● Problem statement
Using the entries that follow, write out the line containing "Imagen de llavero", the line containing "Diputados provinciales ratificaron", and every line between them, exactly and nothing else.

** Input data follows **

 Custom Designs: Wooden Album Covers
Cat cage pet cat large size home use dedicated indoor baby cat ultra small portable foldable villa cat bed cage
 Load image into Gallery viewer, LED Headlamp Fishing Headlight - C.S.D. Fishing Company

** End of Input data **
** Input data follows **

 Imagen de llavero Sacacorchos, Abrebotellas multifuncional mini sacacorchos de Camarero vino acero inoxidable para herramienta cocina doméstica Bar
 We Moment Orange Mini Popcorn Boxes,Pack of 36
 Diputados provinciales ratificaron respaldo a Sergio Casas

** End of Input data **
** Input data follows **

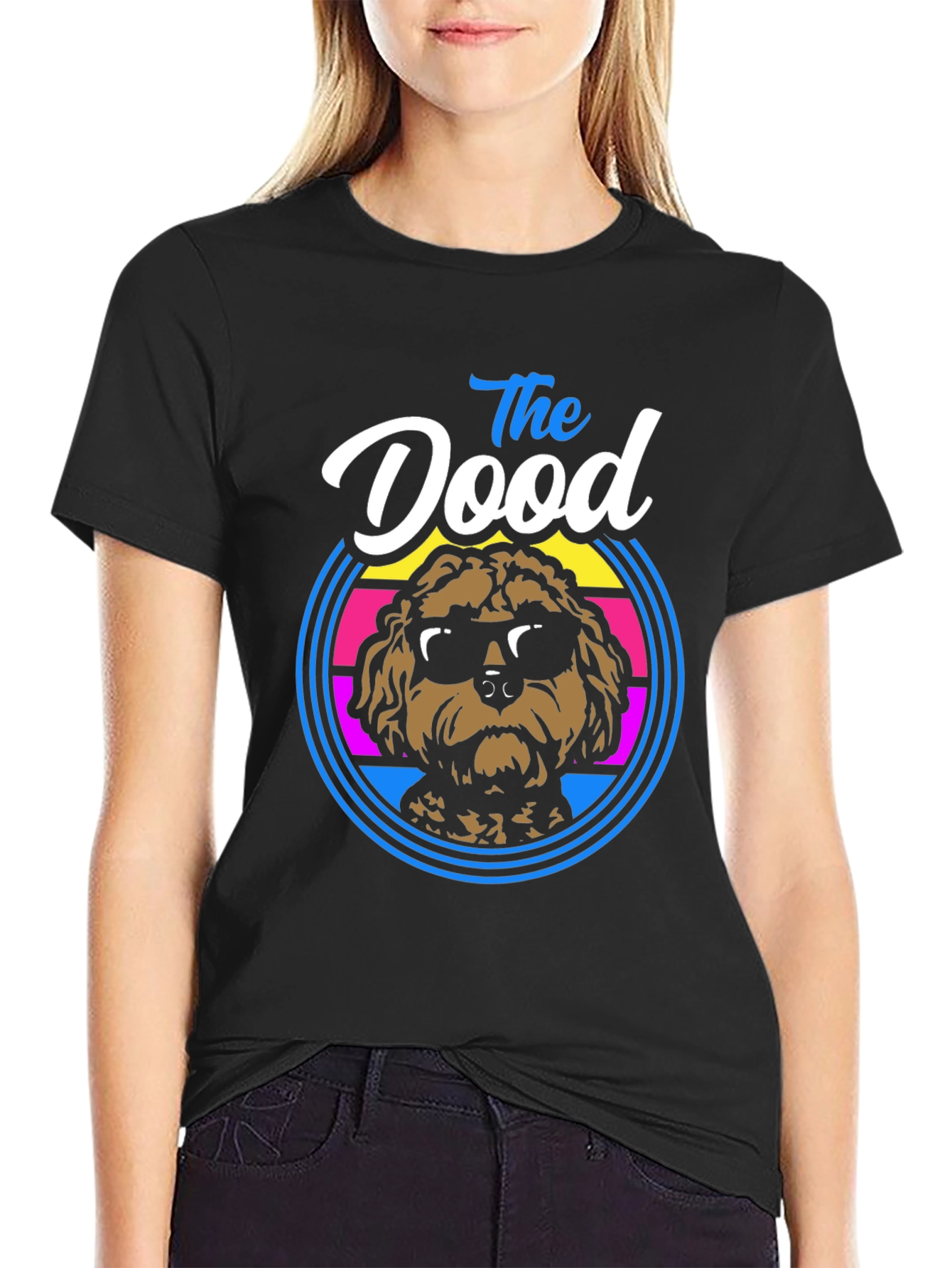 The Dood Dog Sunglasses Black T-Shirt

** End of Input data **

● Answer to this task
 Imagen de llavero Sacacorchos, Abrebotellas multifuncional mini sacacorchos de Camarero vino acero inoxidable para herramienta cocina doméstica Bar
 We Moment Orange Mini Popcorn Boxes,Pack of 36
 Diputados provinciales ratificaron respaldo a Sergio Casas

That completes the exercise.